Segment Start: Exercise data

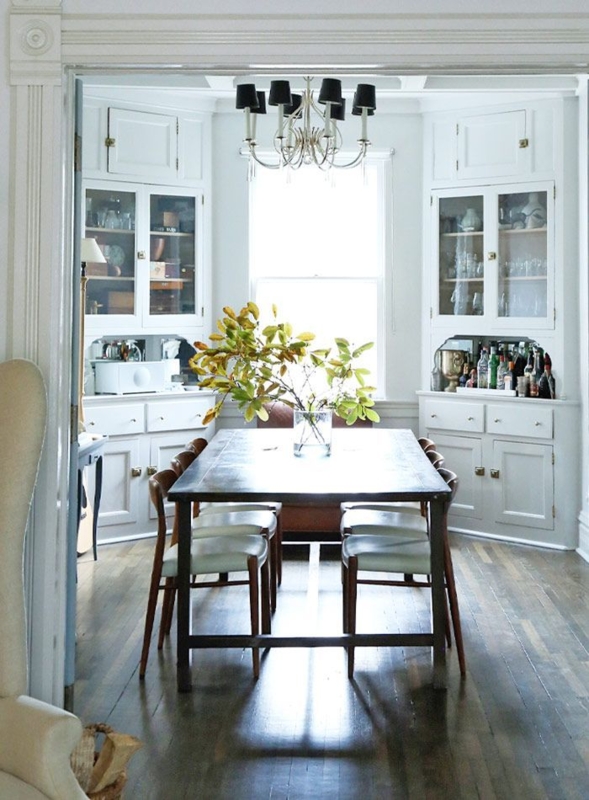 Bright Cottage Dining Room with Corner Cabinets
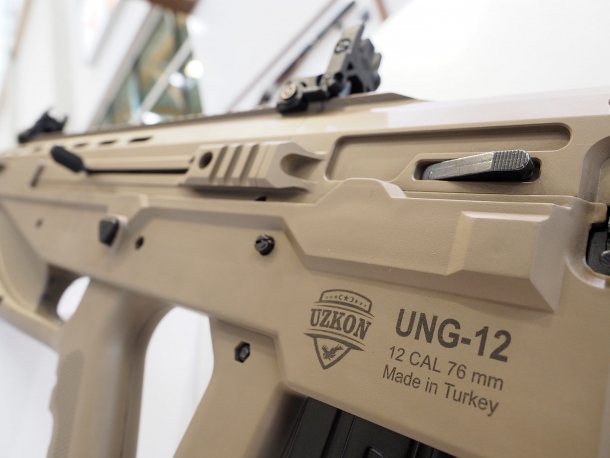 The bolt release latch is located on the left side, opposite to the ejection port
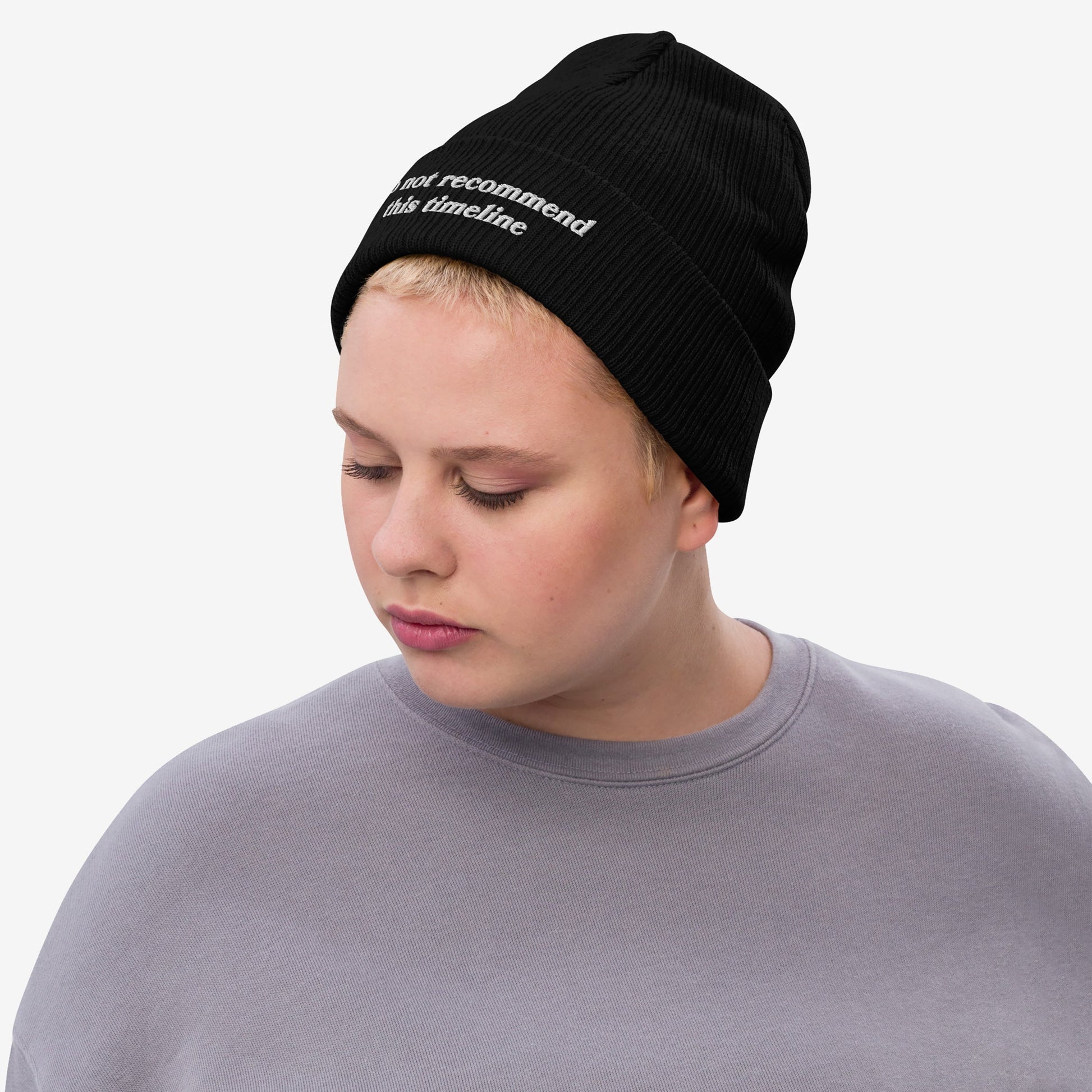 Person with short blond hair wears a light gray sweatshirt and a black Timeline Hat beanie, humorously embroidered with “do not recommend this timeline,” embodying Egoproof's statement-making, mental health-focused apparel.
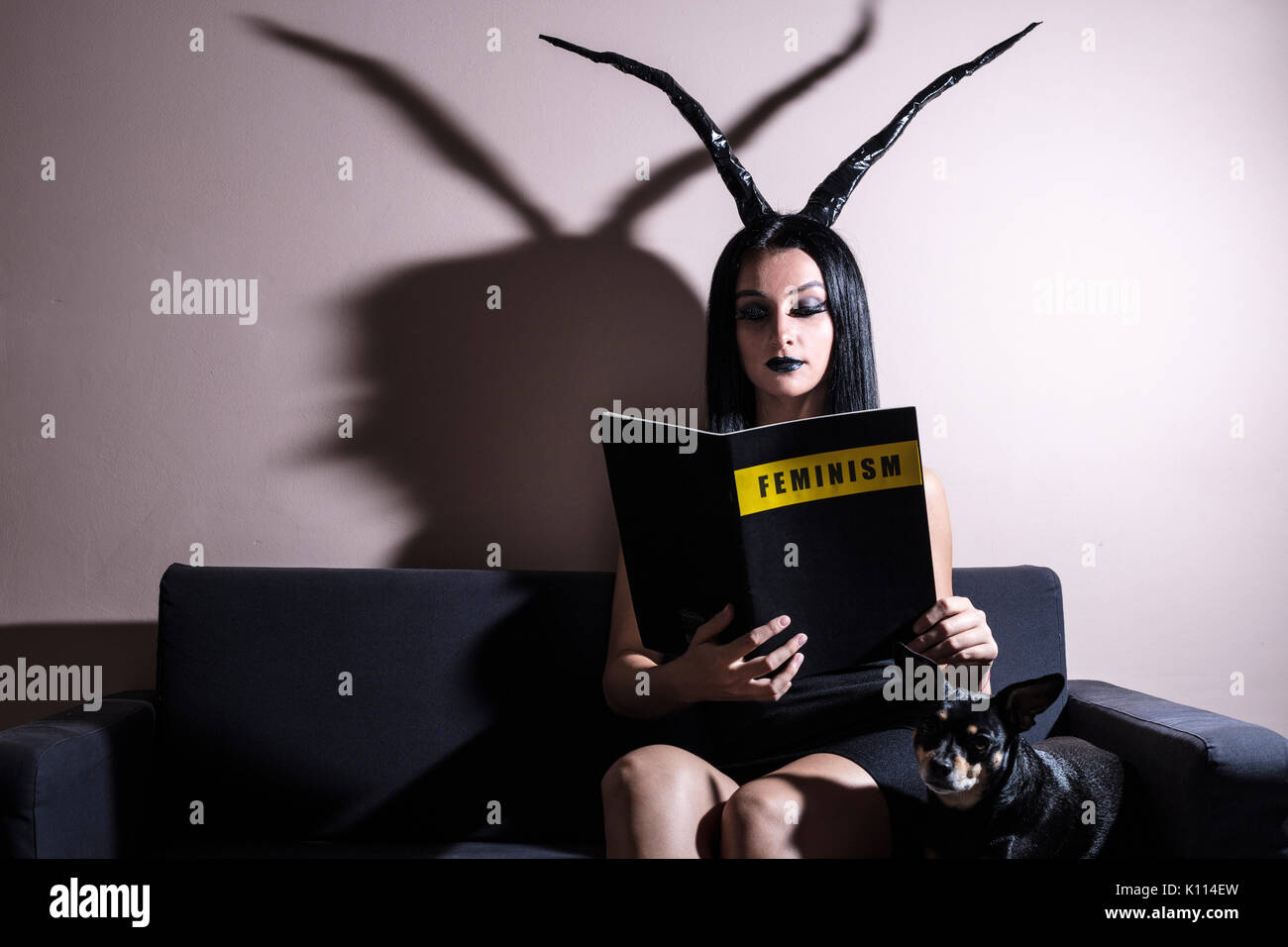 Feminist portrayed as a daemon on a couch Stock Photo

Segment End: Exercise data

:: Exercise ::
Leaving out the pictures, restate each line of the listing above verbatim, from the opening line to the line bearing "The bolt release", inclusive, and no more.

:: Result of the exercise ::
 Bright Cottage Dining Room with Corner Cabinets
 The bolt release latch is located on the left side, opposite to the ejection port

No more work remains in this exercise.